Reading Backlash (again) As A Man: (One) The Introduction
The book that made me a feminist, twenty years later.
Blame It On Feminism
I have a habit of reading the introduction of nonfiction books last. Consistently reading books in the wrong order feels like it shouldn’t be allowed, and when I tell people about it I get the same looks I get when I tell them about how I behave in art museums (I hurry to my favorite section, carefully avoiding looking at the art on the way, and only after I’m satisfied do I branch out slowly). In my defense, most book introductions are boring and slow, and they were usually written after the rest of the book was written anyways. I’ve never felt that I particularly benefited from an author telling me what they were going to tell me ahead of time, and few things suck the joy out of cracking open a new book more than phrases like “in this edition, I’ve made several changes.”
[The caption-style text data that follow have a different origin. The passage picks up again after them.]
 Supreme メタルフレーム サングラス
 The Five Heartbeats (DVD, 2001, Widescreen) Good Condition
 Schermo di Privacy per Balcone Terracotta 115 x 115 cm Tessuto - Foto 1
So on my first read through of Backlash, it’s very unlikely that I started with the intro, but I did for the re-read.
Here, Susan Faludi lays out her premise. The book was published in 1991, so it was already out of date when I read it in the early 2000s, and is almost 30 years old in 2020. This is going to come up a lot. Faludi explains the popular idea that feminism was to blame for women’s unhappiness, that equality itself had made women miserable, and then promptly debunks it with facts and statistics in order to show that women had not, in fact, achieved full equality by 1991, and therefore that couldn’t be the thing making them unhappy. The majority of her stats are from the 80s. I was born in 1985, so what she is doing is describing with numbers what the world was like when I was a baby. In terms of gender equality, the numbers she shares look very bad. They come from a few different sources, including a 1990 Virginia Slims poll? Times sure have changed!
There are two things that she does not mention that jumped out to me immediately, I almost certainly wouldn’t have noticed their absence as a teenager.
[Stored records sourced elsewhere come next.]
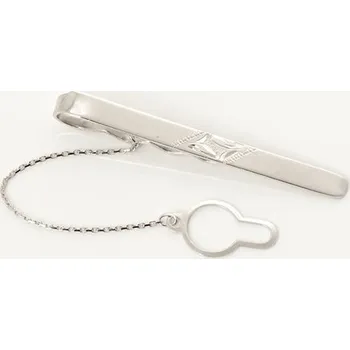 Spona na kravatu Stříbrná spona na kravatu STRSK017F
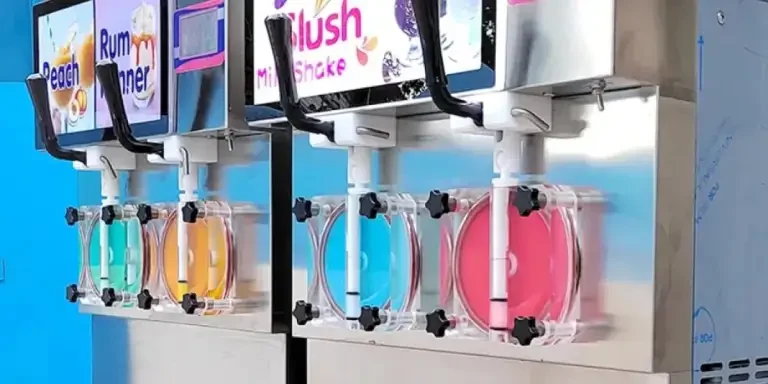 как найти машины для правильной заморозки напитков
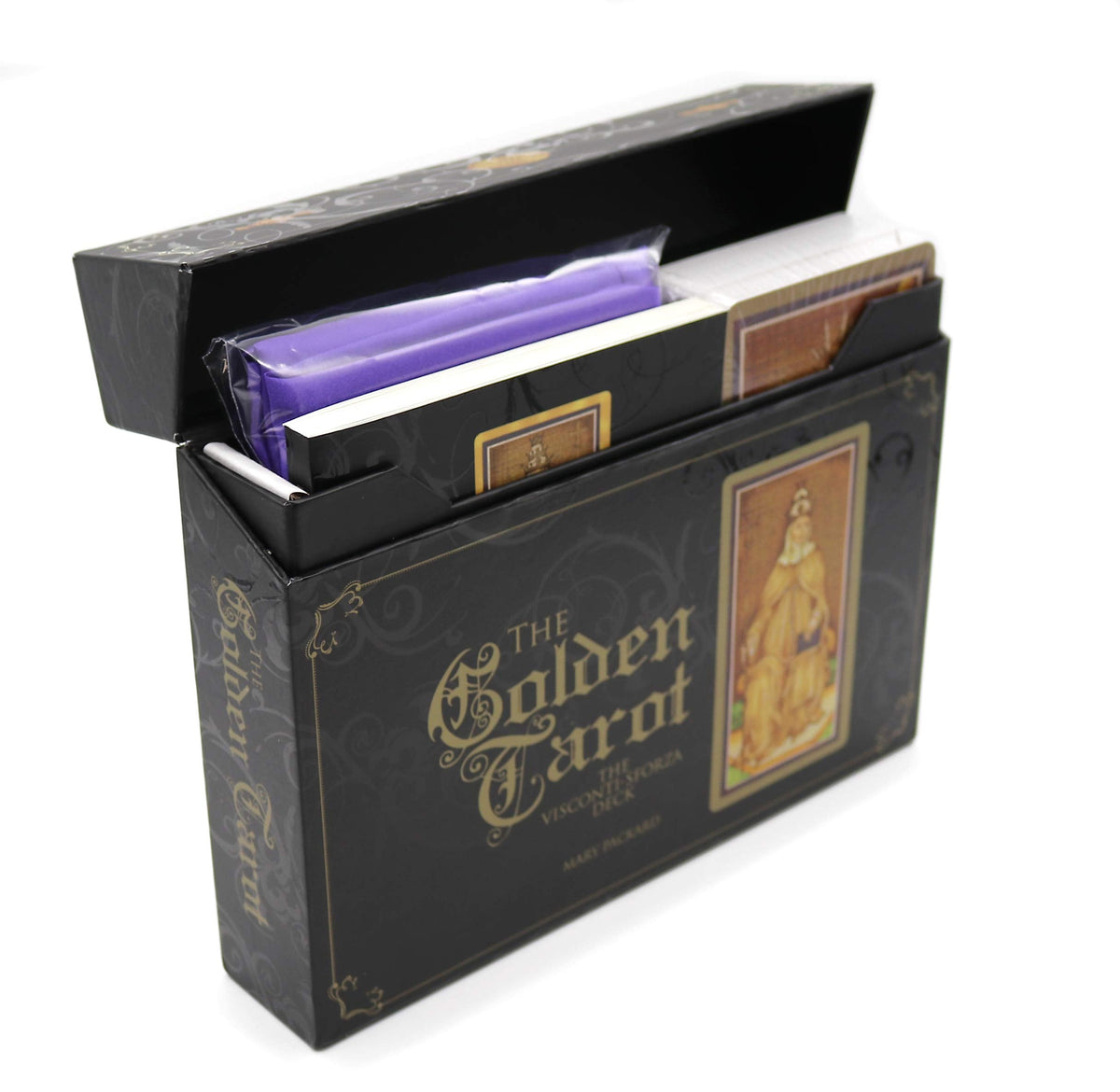 The Golden Tarot card unveiling the deck's spiritual symbolism — Eternal Spirit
The first is the impact of race on women’s experience of both sexism and feminism. There is only one mention of race in the whole introduction, a mention of a 1989 New York Times poll in which “more than half of black women and one forth of white women put it into words. They told pollsters that they believed men were now trying to retract the gains women had made in the last twenty years.” Faludi does not make any comment on the racial disparity, and continues to treat the idea of women as a raceless monolith. It’s like she only mentioned black women at all to be able to use the larger number, more than half! Interestingly, 1989 is also the year Kimberlé Crenshaw coined the term “intersectionality,” but there’s no evidence of it here. Did Susan Faludi know about Crenshaw’s work? We don’t know.
Faludi also does not mention transgender people. She does not mention that transgender women face a greater threat of violence when discussing violence against women, in fact she doesn’t mention that trans people exist at all. It seems like she’s writing about a world in which two kinds of people exist: cisgender women, and cisgender men. Actually, she seems to be writing in a world in which everyone is heterosexual, as well.
It’s worth mentioning here that one of my biggest fears in cracking open this book again was that it would contain awful transphobia. Not all second wave feminists are transphobic, of course, but still, I worried. After reading the introduction, I googled Susan Faludi. Her father transitioned in his 70s, and that she wrote a book about it, called In The Darkroom, which came out in 2016. I was not out in 2016, but I thought that by that year we were all sick of cis people writing about their transgender relatives, and I thought we had more or less abandoned the term “transsexual” (except for use in a joking context amongst friends the term might be applied to). But according to the Wikipedia article about the book it got great reviews, including from The New York Times, which said that it “challenges some of our most fundamental assumptions about transsexuality.” There was no mention of transphobia in that Wikipedia article, or on her website. But a review on Lilith.org had this to say:
“By the end of the book, Faludi has grown to understand and accept her father, but not transgender identity. Her penultimate chapter equates the growing respect for trans identity in the U.S. with the rise of Hungarian neo-fascist nationalism and its enforcement of a factitious “Hungarian identity”: “Back in my father’s motherland, as in the U.S. media, questions of identity were in full flower…. [T]he Hungarian Supreme Court had issued a ruling in support of the identity prerogatives of the political right…. The court’s…words could have been lifted from the identity-sensitive speech codes of a college campus or the ‘Preferred Gender Pronouns’ directives of the blogosphere.” Faludi’s rhetoric suggests that promoting respect for preferred gender pronouns is akin to the takeover of Hungarian legal and political institutions by the anti-Semitic nationalists who admire fascism.”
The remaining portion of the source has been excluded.